You’ve probably seen Julissa Calderon before. The Afro-Latina “Dominicanita that could” has been a presence on both your computer and more recently TV screens for years. Now, as Julissa Calderon would say, she’s “popping off.” Not only is she starring as Yessika in Netflix’s “Gentefied,” and the upcoming Amazon Prime Series “With Love,” but she is also the face of the new ‘Got milk?’/’toma leche‘ campaign.

Recently, Julissa sat down with FIERCE to talk about her success, what keeps her grounded, and imposter syndrome. Here are some of the gems of wisdom that this FIERCE queen dropped in our interview.

On stopping to appreciate the progress we’ve made in our lives:

“I think it’s really interesting because so much so, we don’t look at our progress a lot because we’re constantly looking and what’s next? What’s next? What’s next? Sometimes, when I have time to actually sit down and reflect, and I look at the trajectory of what my life has been in the past couple years, I see the growth, not only in my career, but just as a human and just as a person. I see what my mindset used to be and how it’s not there anymore and it’s for the better.”

On being an example for younger generations by living her truth:

“Hopefully for the next generation of my family — all of the kids — I hope that they’re seeing what I didn’t see. That’s totally fine if you want to do a 9-to-5, but are you happy with your life? Because that’s how I live my truth. Just being happy with what I’m doing and making sure it aligns with who I am every single day.”

On the importance of believing in yourself:

“I always say this: The man who says that he can and the man that says that he can’t — they’re both right. And for me, I’m the girl that says that she can.”

How dropping comparisons and time frames changed her quality of life:

“I’ve taken away the time frame of life. I think that so much so, especially with Instagram, we look at some people and they’re like walking resumes. And it makes you sometimes feel like ‘Am I not doing enough?’ So I’m working on it. I’m not gonna say that I’ve taken it all away. But I’m working every day towards not looking at the next person and comparing. I’m living in the day-to-day and that’s the only thing that’s gonna keep me happy.”

On imposter syndrome:

“I am a very confident woman. But I’d be doing myself and everyone a disservice by saying that sometimes I don’t have those moments of self-doubt, of imposter syndrome, of feeling like I’m not enough….In my last interview, when they asked me what I was doing next, I…mentioned how I have a new Amazon show. But then I said ‘Oh, but I’m only in two episodes.’ And even that, just [groans]. The waitress from five years ago would have been over the moon that she got this. So why am I minimizing it now? There’s no ‘small’ anything.”

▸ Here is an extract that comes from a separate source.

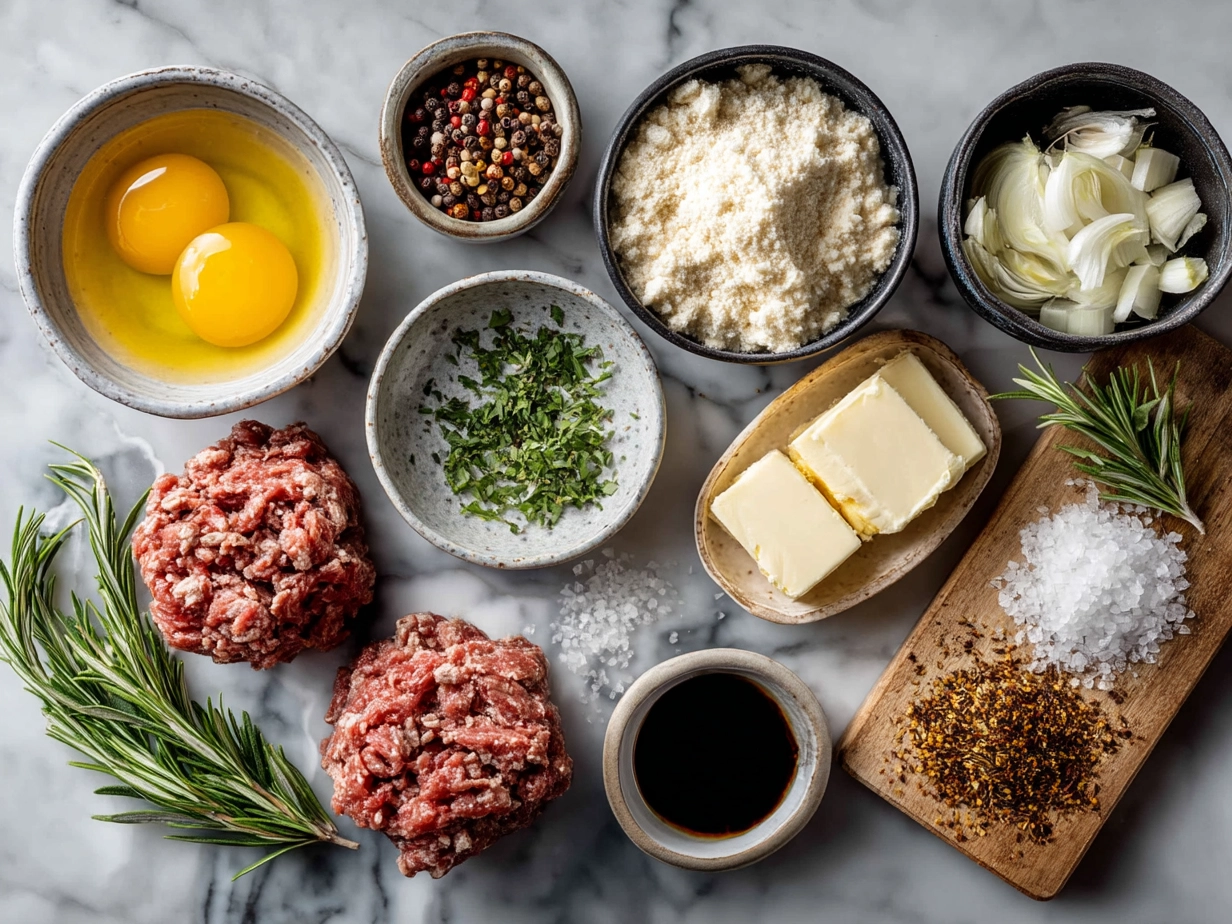 Ingredients laid out for making Shepherds Pie including ground lamb, onions, carrots, peas, tomato paste, stock, Worcestershire sauce, mashed potatoes, and seasonings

On dealing with the pressure of being the “poster child” of Afro-Latinidad:

“I think that there were so many women who did this before me. I think I’m just one of the people that talked about it a lot. When we go back to BuzzFeed…the biggest [videos] that were popping off were me talking about Afro-Latinidad…So I think that people have taken that and been like, ‘Well she’s the girl, because she’s talked about it from the beginning.’ But there’s so many of us doing the work.

“I also feel like for me, it’s just being really transparent and being honest in who I am. This is who I am. I am an Afro-Latina. And although I didn’t grow up with that term…to be on the forefront of this and talk about this because now I have the knowledge, I hope that it impacts everyone into sharing it and knowing it and doing better. Because we’re knowing where we come from and we’re being proud of where we come from.”